Task prompt
Exactly the lines below from the line with "Colourful Floral Silhouette" through the line with "Elegant Maxi Dress" must make up the answer, both ends included and pictures left out.

Recorded data

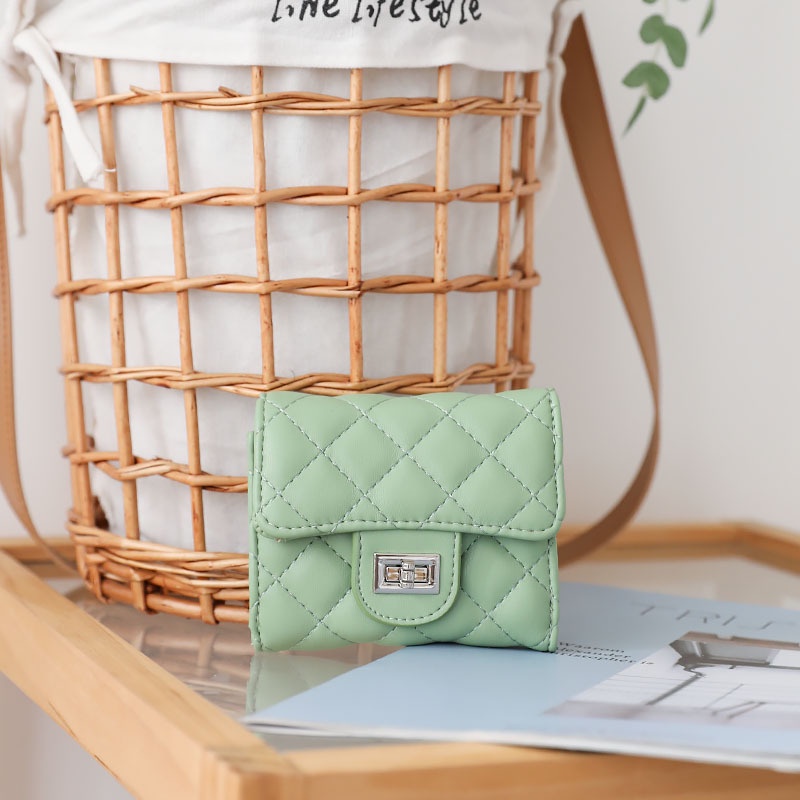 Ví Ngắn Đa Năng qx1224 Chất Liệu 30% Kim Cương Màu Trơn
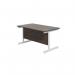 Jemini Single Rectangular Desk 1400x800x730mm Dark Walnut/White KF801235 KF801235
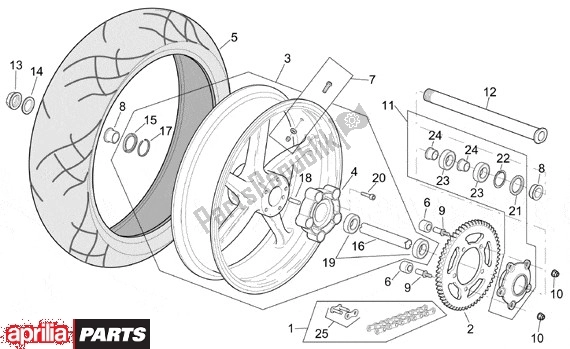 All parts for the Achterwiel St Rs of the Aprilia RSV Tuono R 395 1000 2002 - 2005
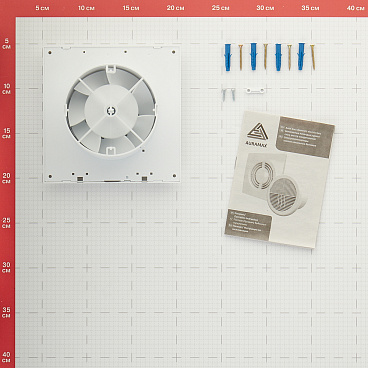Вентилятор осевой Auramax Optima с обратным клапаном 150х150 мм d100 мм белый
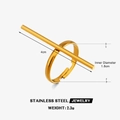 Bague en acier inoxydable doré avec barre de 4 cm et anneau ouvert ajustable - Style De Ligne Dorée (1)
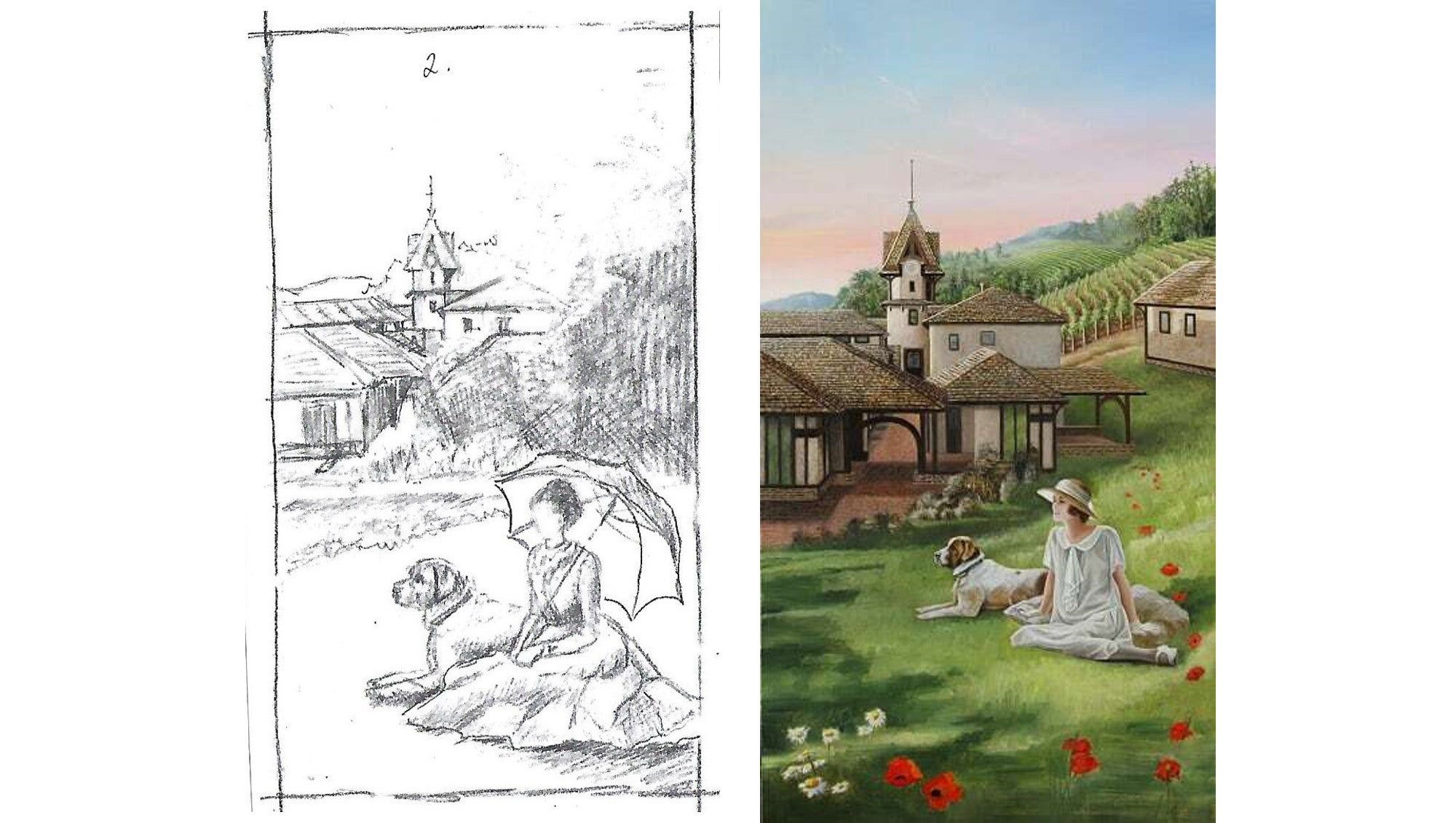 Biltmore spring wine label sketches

---

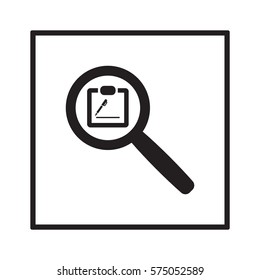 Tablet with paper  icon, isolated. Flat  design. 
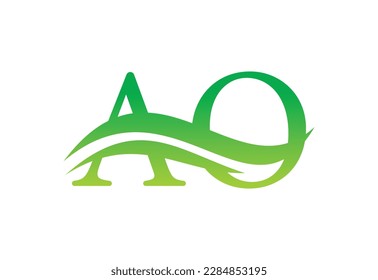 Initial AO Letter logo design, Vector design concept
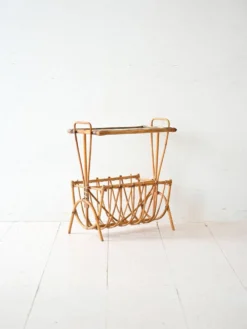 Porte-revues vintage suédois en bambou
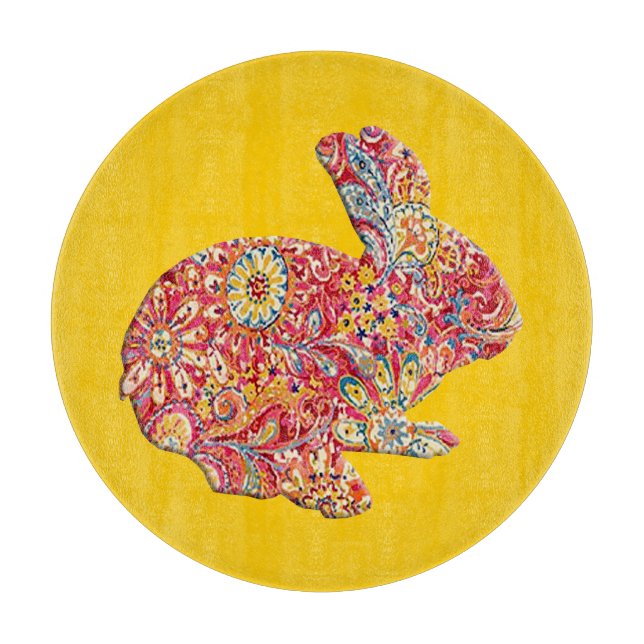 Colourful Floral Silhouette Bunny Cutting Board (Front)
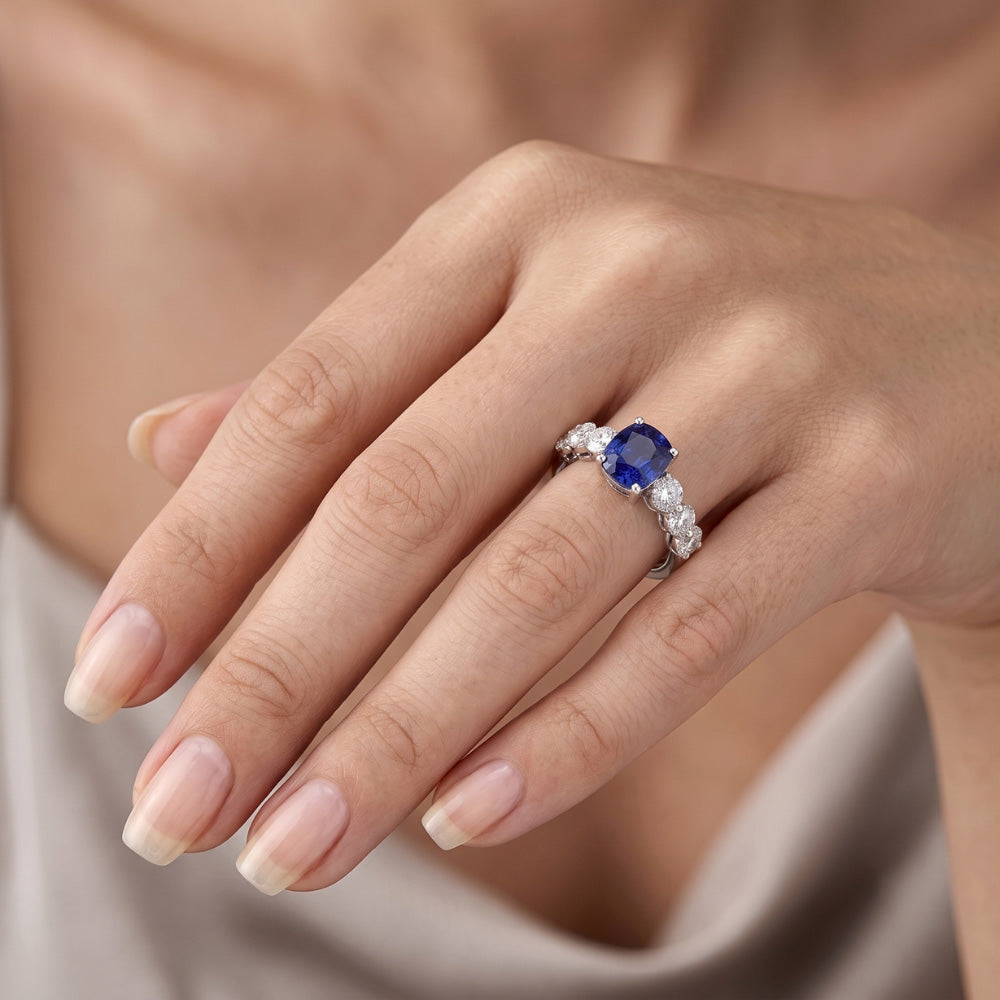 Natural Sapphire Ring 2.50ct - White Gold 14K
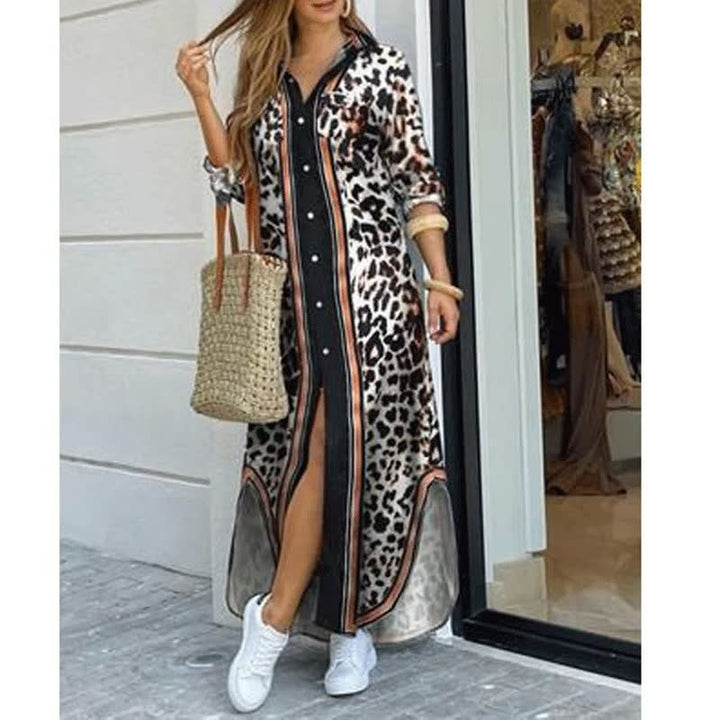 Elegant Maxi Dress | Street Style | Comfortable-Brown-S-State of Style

==

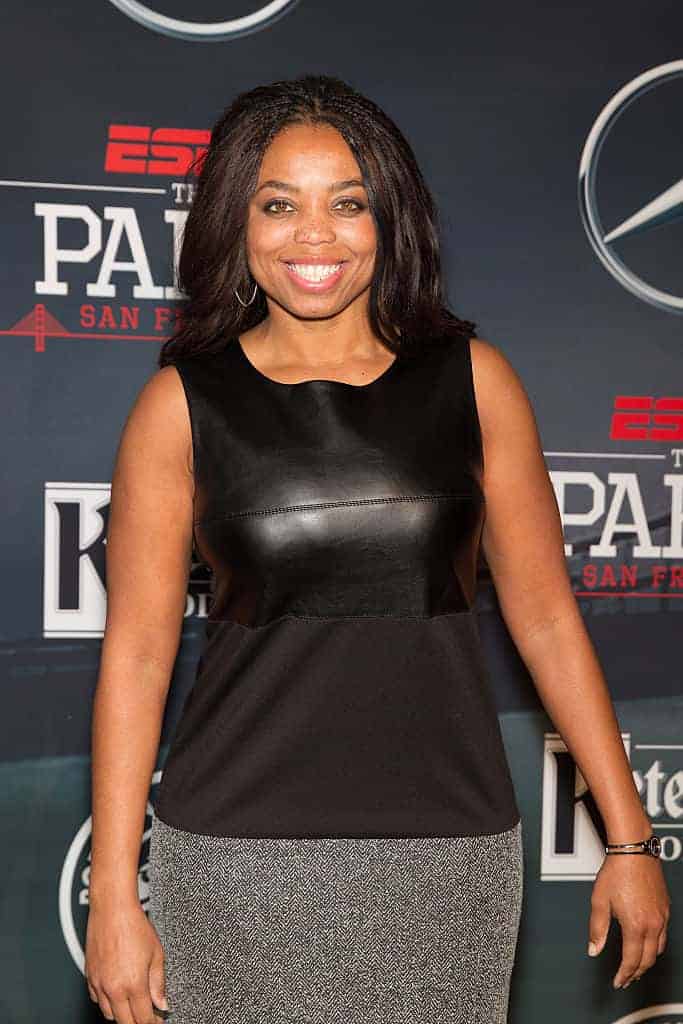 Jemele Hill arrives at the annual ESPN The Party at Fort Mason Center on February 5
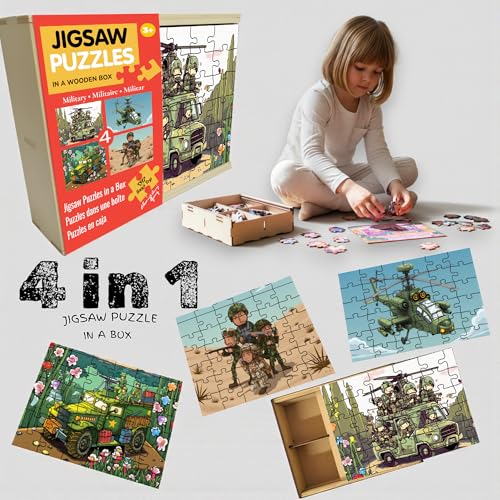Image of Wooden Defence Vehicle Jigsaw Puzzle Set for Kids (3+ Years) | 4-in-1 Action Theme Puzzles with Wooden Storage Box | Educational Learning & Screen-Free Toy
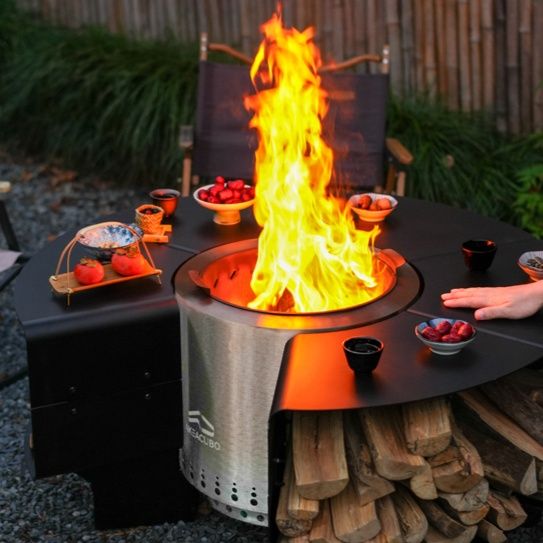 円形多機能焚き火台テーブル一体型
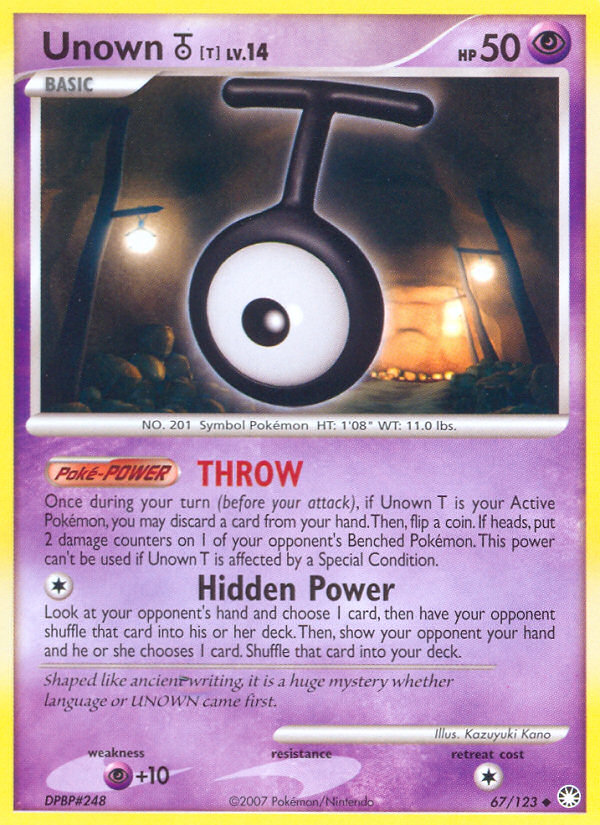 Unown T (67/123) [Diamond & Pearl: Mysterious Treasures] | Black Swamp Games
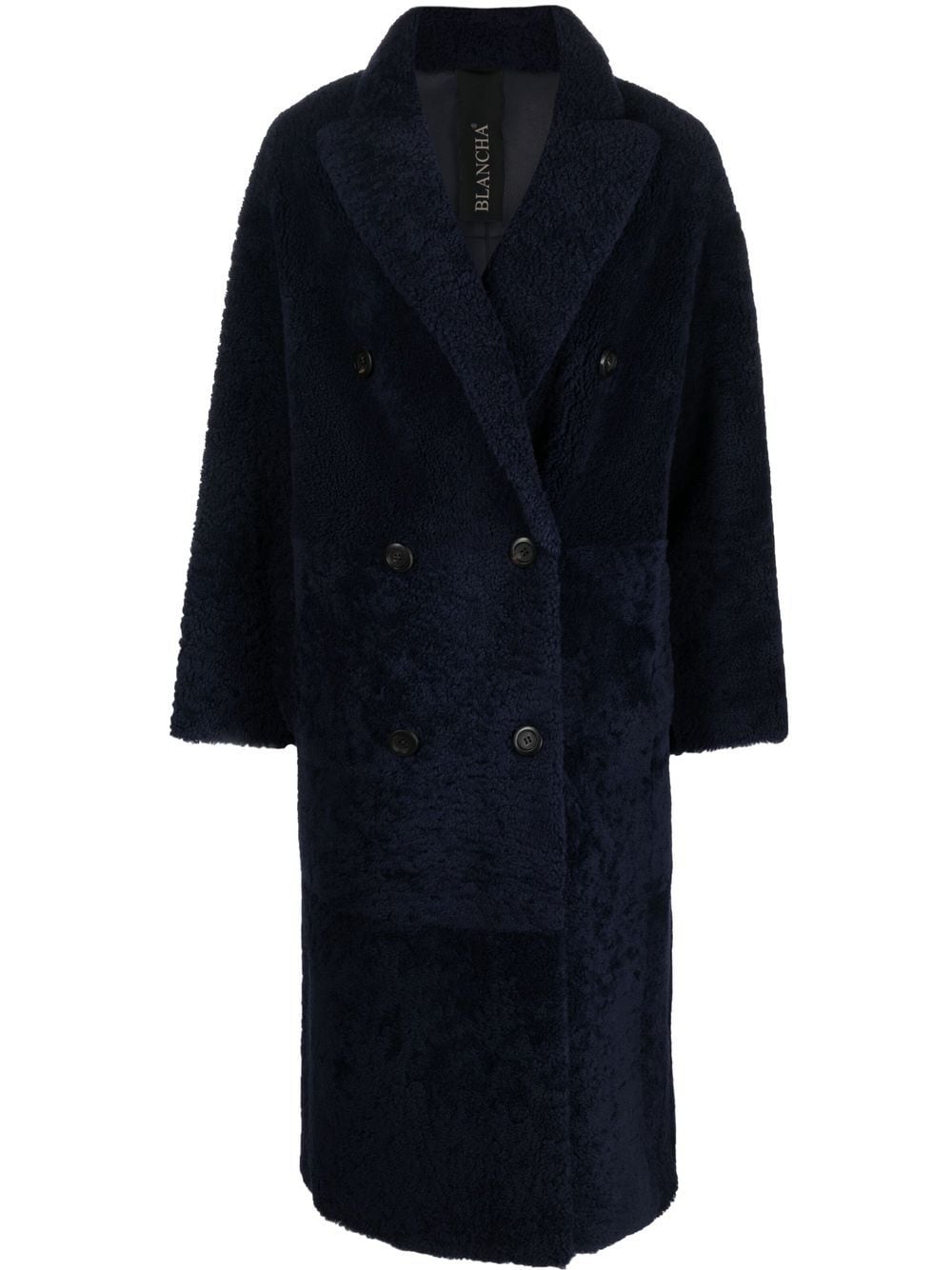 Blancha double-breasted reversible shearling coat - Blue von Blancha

Written response
 Colourful Floral Silhouette Bunny Cutting Board (Front)
 Natural Sapphire Ring 2.50ct - White Gold 14K
 Elegant Maxi Dress | Street Style | Comfortable-Brown-S-State of Style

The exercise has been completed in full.